### PROVIDED DATA:
- - -

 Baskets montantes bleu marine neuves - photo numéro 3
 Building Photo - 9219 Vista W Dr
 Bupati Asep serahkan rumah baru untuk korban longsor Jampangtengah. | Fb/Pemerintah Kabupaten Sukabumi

- - -

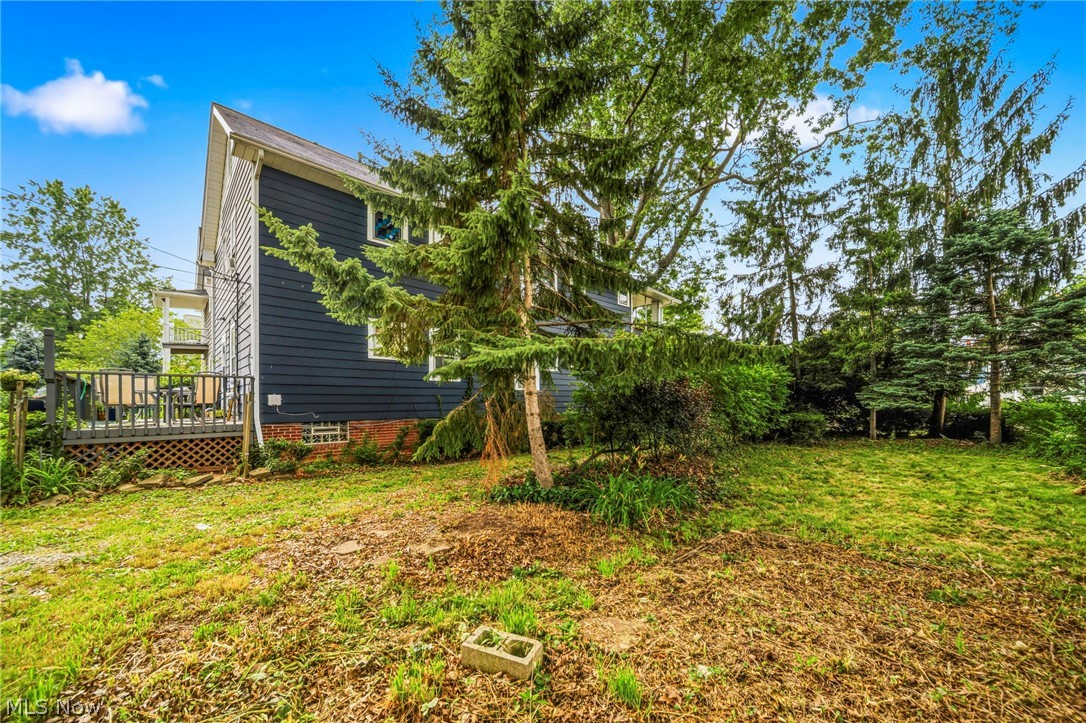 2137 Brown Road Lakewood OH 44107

- - -

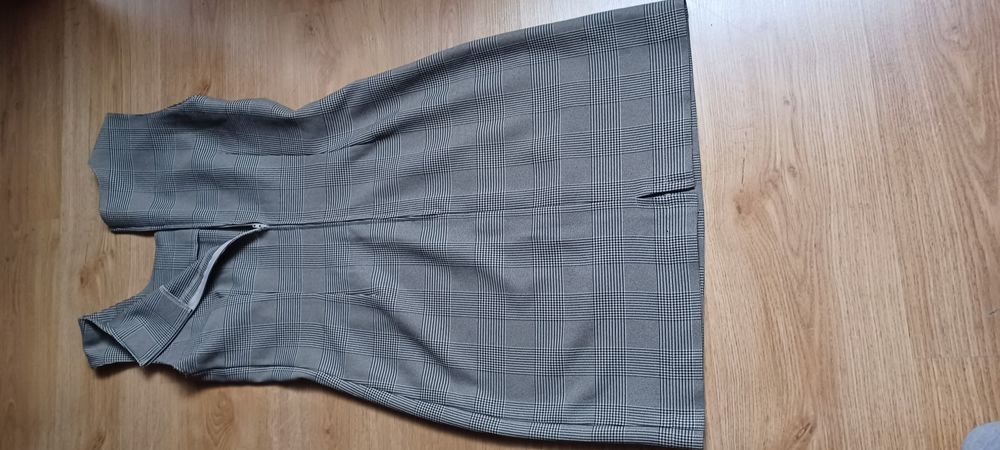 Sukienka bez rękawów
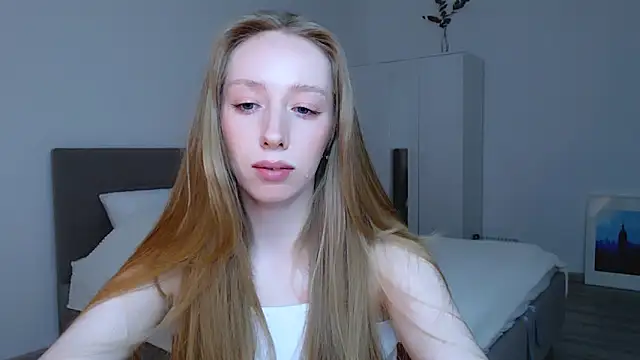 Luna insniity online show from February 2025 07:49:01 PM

- - -

### WORK TO BE COMPLETED:
Above are some records; copy exactly the lines from the one with "Building Photo - 9219 Vista W Dr" through the one with "Bupati Asep serahkan", both included, and no others.

### YOUR SOLUTION:
 Building Photo - 9219 Vista W Dr
 Bupati Asep serahkan rumah baru untuk korban longsor Jampangtengah. | Fb/Pemerintah Kabupaten Sukabumi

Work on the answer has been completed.